The surprisingly complex journey to text-selectable client-side generated PDFs
Generating text-selectable PDFs client-side is surprisingly hard, as this post by SmallDocs author FailMore meticulously details their journey to achieving it. The article uncovers the fundamental differences between browser rendering and PDF structure, revealing why common solutions fall short for privacy-first applications. It's a classic HN tale of a deceptively simple problem requiring a bespoke, technically intricate solution.
The Lowdown
The seemingly simple task of generating client-side, text-selectable PDFs proved unexpectedly complex for SmallDocs, a privacy-first Markdown reader. This article details the arduous journey to overcome the limitations of existing solutions to meet stringent privacy and rendering fidelity requirements.
- SmallDocs required client-side PDF generation due to sensitive user data, coupled with easy download, reliably selectable text, and faithful reproduction of its rich Markdown styling.
- Understanding PDF fundamentals reveals them as "sets of instructions" for drawing glyphs, requiring a separate
ToUnicode CMapfor text selection and copying, which maps glyph shapes back to characters. - Standard approaches like server-side generation (violates privacy),
window.print()(poor user experience),html2pdf.js(produces unselectable images), and existing JS libraries (jsPDF,pdfmake,pdf-libwithout a custom layout) each failed to meet SmallDocs' core requirements. - The eventual solution combined
pdf-libwith a custom layout engine, leveraging the finite scope of Markdown elements and the assistance of LLMs like Claude Code for styling and positioning logic. - The custom engine had to translate browser-specific rendering concepts (pixels to points, inverted Y-axis for positioning) into PDF language and manage page breaks dynamically.
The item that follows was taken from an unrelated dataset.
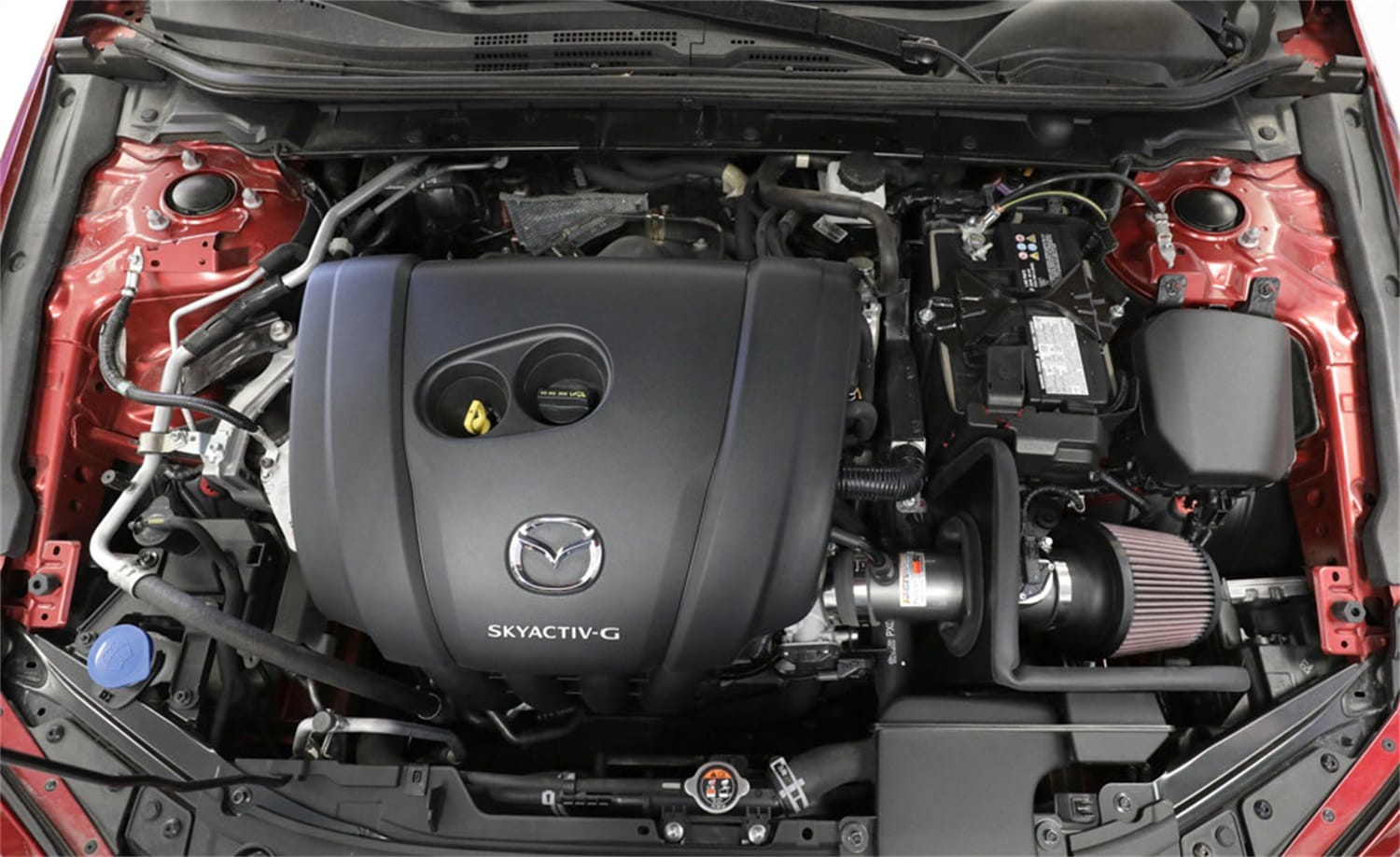 Performance Air Intake System thumbnail 12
- Key challenges ("gotchas") included ensuring
ToUnicode CMapaccuracy for modern fonts with glyph substitutions (solved bysubset: trueinpdf-lib), treating links as separate PDF annotations, and programmatically rendering background styles for elements likecodeblocks. - SmallDocs successfully achieved its goal of generating highly accurate, text-selectable, client-side PDFs.
- The article concludes by highlighting SmallDocs' broader mission as a developer-friendly, open-source "Office Suite" for the CLI-based agent world, offering private Markdown rendering, sharing, and agent feedback features.
This detailed technical account showcases the depth of effort required for seemingly straightforward web features and reinforces SmallDocs' commitment to privacy-first, high-fidelity experiences, positioning it as a potential future standard for Markdown interaction.